_DATA EXCERPT_.
#####
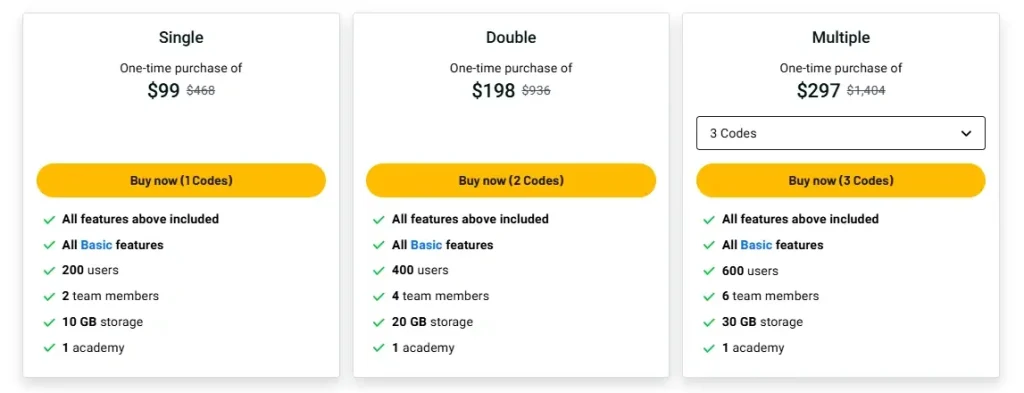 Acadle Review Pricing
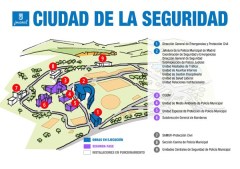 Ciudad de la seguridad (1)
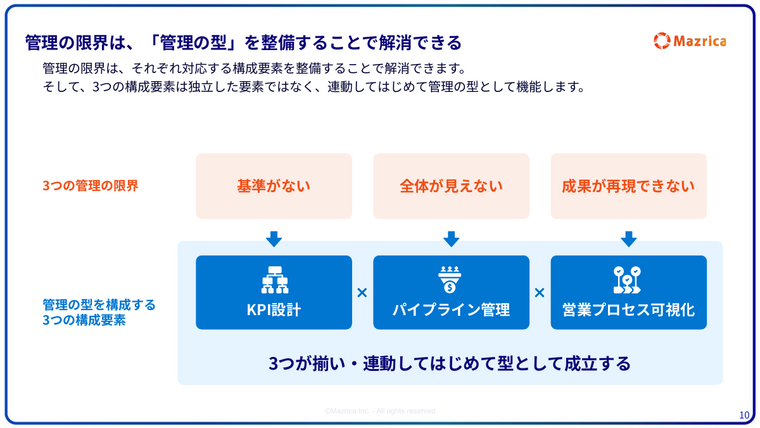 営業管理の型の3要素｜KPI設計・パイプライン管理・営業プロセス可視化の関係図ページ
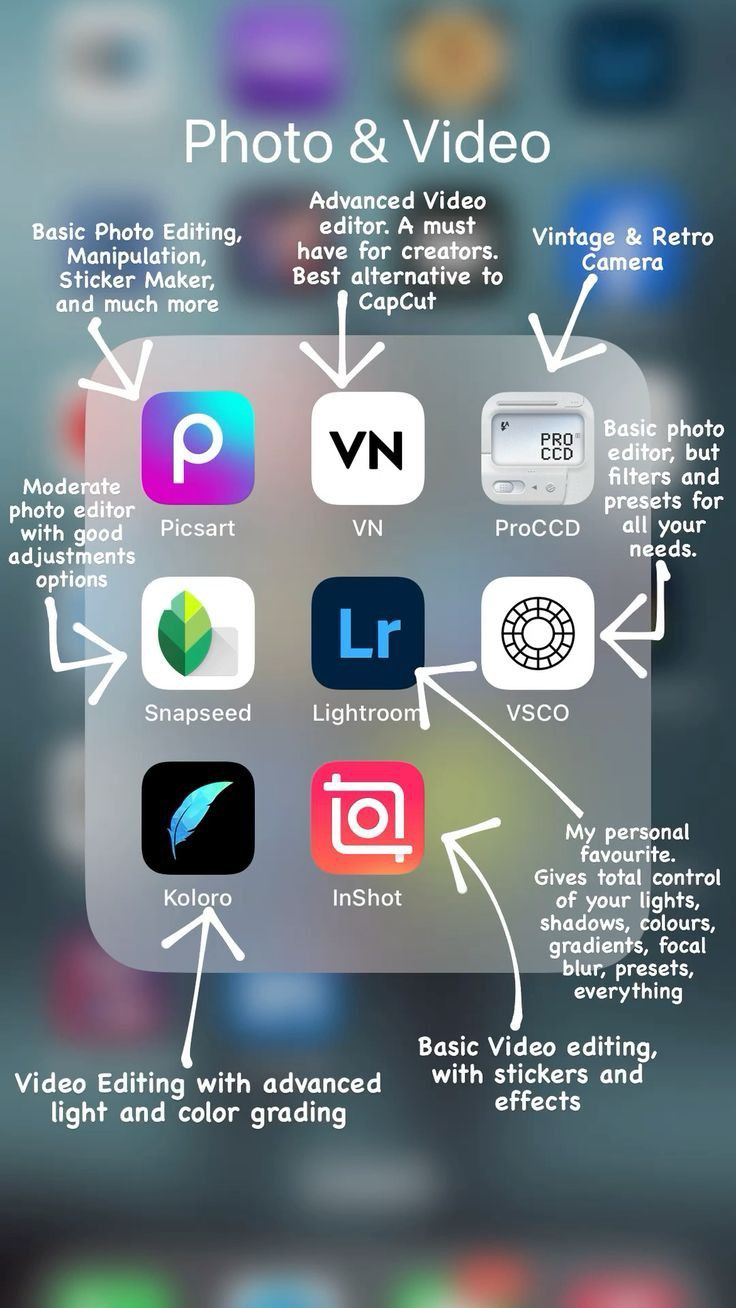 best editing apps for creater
#####
_INSTRUCTIONS TO FOLLOW_. Please write out the material from the line containing "Ciudad de la seguridad (1)" to its final line, both inclusive, exactly as it appears; pictures are not part of the copy.

_ANSWER TO THIS TASK_.
 Ciudad de la seguridad (1)
 営業管理の型の3要素｜KPI設計・パイプライン管理・営業プロセス可視化の関係図ページ
 best editing apps for creater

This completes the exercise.